Sunday, December 13, 2015

2016 Republican Delegate Allocation: OKLAHOMA

Updated 3.1.16

This is part ten of a series of posts that will examine the Republican delegate allocation rules by state. The main goal of this exercise is to assess the rules for 2016 -- especially relative to 2012 -- in order to gauge the potential impact the changes to the rules along the winner-take-all/proportionality spectrum may have on the race for the Republican nomination. For this cycle the RNC recalibrated its rules, cutting the proportionality window in half (March 1-14), but tightening its definition of proportionality as well.
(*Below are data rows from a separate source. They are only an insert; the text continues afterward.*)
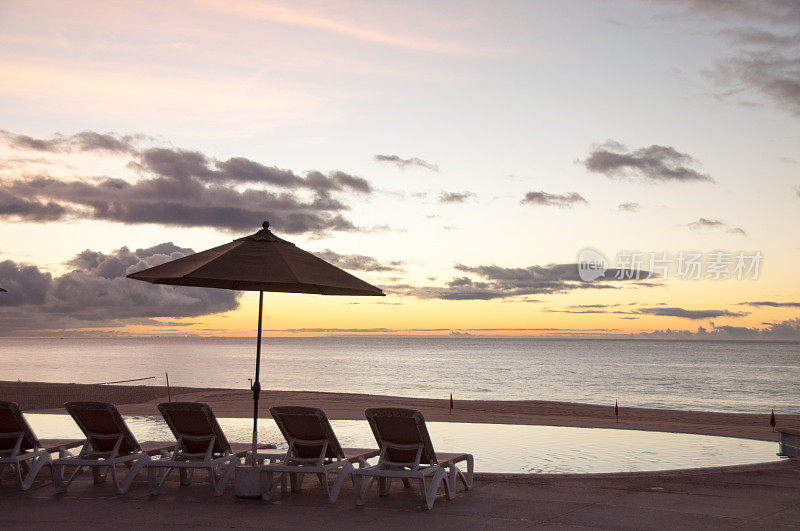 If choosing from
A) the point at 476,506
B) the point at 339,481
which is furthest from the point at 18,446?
the point at 476,506

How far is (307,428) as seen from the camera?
7227 millimetres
While those alterations will trigger subtle changes in reaction at the state level, other rules changes -- particularly the new binding requirement placed on state parties -- will be more noticeable. 


Election type: primary
Date: March 1 
Number of delegates: 43 [25 at-large, 15 congressional district, 3 automatic]
Allocation method: proportional (with majority (50%) winner-take-all trigger statewide and in congressional districts)
Threshold to qualify for delegates: 15% (both statewide and within the congressional districts)
2012: proportional primary

Changes from 2012
The Oklahoma Republican Party made bigger changes to their method of delegate allocation from 2008-2012 than they did from 2012 until now. The state legislature in the Sooner state shifted back the presidential primary in the state by a month from February 2008 to March 2012. Squarely within the month-long -- all of March -- proportionality window for 2012, the reaction of the Republican Party in Oklahoma was to switch from winner-take-most (winner-take-all by congressional district) plan to an across-the-board proportional plan to comply with the new RNC rules four years ago.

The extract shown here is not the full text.